Smyers and civic leaders who work closely with the base hope that a federal grant awarded to the North Central Texas Council of Governments will provide opportunities to address housing, zoning and transportation issues facing the base and the cities surrounding it.

"The Regional Coordination Committee was created for the six municipalities to dream, and now we've got some money behind it to formalize these ideas," said Paul Paine, chairman of the committee and a retired commander of the base. "Collectively, we've never had this level of cooperation."

Studying the problems

The council of governments will administer the three-year $640,000 grant from the Housing and Urban Development Department, which was jointly sought by members of the Regional Coordination Committee. The committee has high-level representatives from the base, Fort Worth, White Settlement, Westworth Village, Lake Worth, Benbrook, River Oaks and Tarrant County.

The council of governments expects to sign a contract with HUD in the coming weeks to begin work on multiple studies, said Tamara Cook, a senior transportation planner.

The grant will fund studies and work in four areas -- transportation, housing and retail, updating comprehensive development plans and establishing similar building codes among the cities that will mitigate aircraft noise.

None have quite as much potential, though, as looking at potential solutions to the housing shortage near the base. More than three-quarters of the base's housing was given to Westworth Village after Carswell Air Force Base closed in 1993 and was redeveloped into a thriving retail corridor and luxury neighborhood.

As a result, Smyers said, he has only 83 family housing units, and the Navy has no plans to build more. Single servicemen and women live in barracks, and reservists typically live in their own housing locally. But the base has a significant active-duty population of families that move in and out of the area every few years.

"The demand far outstrips the supply I've got," Smyers said.


Smyers said he would like to find private developers to build a mix of single-family houses and townhouses near the base, and he would be sure to fill them with sailors, airmen, Marines and soldiers who choose to rent.

"What we're not doing anymore in the housing business represents an opportunity for private enterprise," he said. "What we're hoping from a comprehensive study is that it will inform our dialogue on development and ensure that the direction we take is the right direction."

The council of governments will also continue looking into the traffic situation around the base, including the possibilities of adding bicycle lanes and better synchronizing lights on Texas 183.

"We need to be looking at 'What are the other things besides driving your car that are possible?'" Cook said.

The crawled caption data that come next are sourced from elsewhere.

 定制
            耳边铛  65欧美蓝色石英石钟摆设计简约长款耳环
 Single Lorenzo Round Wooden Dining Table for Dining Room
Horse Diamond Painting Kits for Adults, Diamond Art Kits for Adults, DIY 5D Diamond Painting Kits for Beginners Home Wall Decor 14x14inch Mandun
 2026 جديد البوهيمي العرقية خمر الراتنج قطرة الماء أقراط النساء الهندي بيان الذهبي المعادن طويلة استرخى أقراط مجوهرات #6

For example, the base is talking with officials from the Fort Worth Transportation Authority because no bus lines stop near the installation, and Smyers would like to make sure the base isn't overlooked when light rail is talked about regionally.

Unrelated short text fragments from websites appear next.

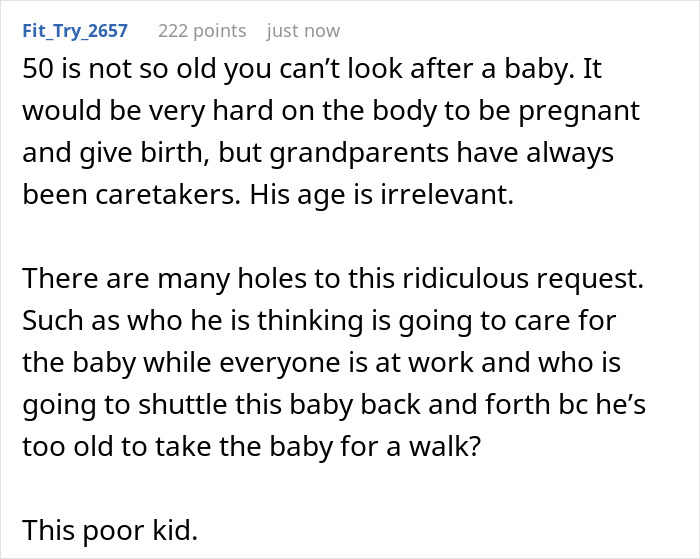 Comment discussing a 50-year-old dad surprised as his kids refuse to help raise his baby citing age and care concerns.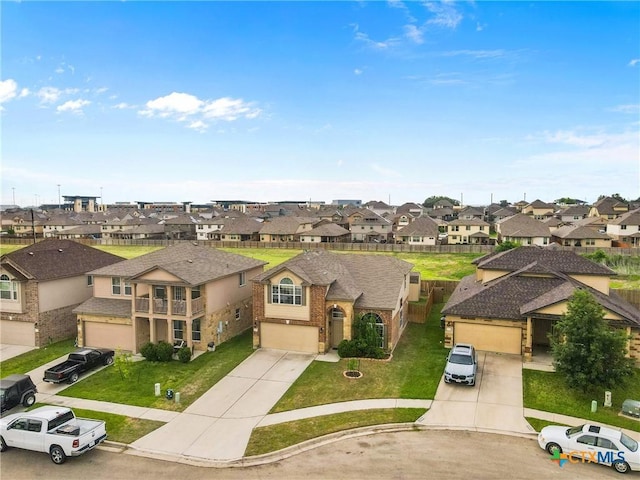 aerial view with a residential view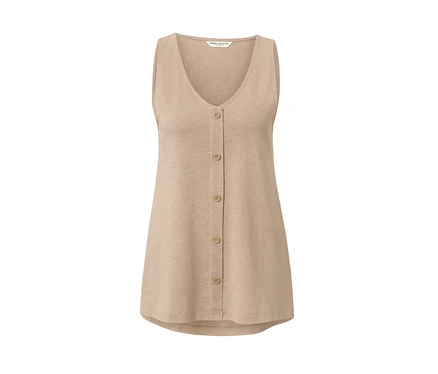 Beige meliertes Top mit Knopfleiste.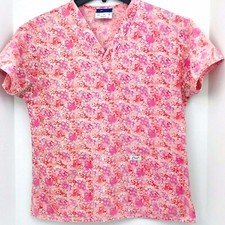 Crest Small Pink With Small White Flowers Scrub Top Medical Nurse Veterinary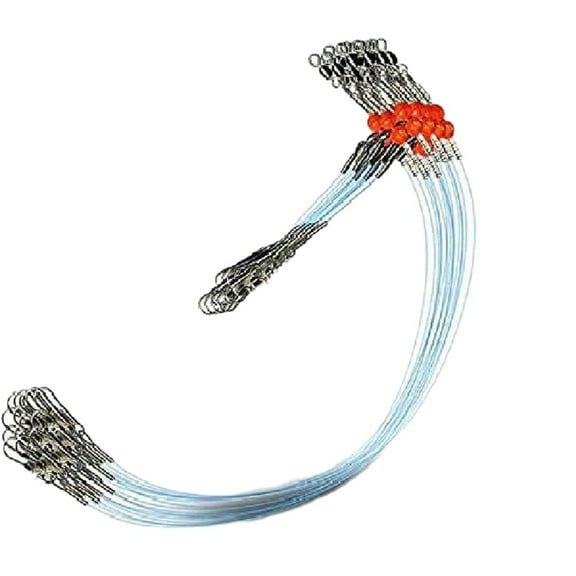 Splihome Fishing Leaders with Snap Swivels Fishing Wire Rig For Lures Bait Or Hooks 1 blue head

It is also important, Smyers and Paine said, that housing and retail be developed outside the base's noise contours and accident zones, a point that has driven much of the development discussion among the cities for the last four years.

"We need to figure out where the opportunities are for possible residential growth that is in harmony with the base," Paine said. "I don't want to see a residential development that creates a traffic congestion problem, for example.

"I don't think any of us knows where this is going to lead, but there is great potential."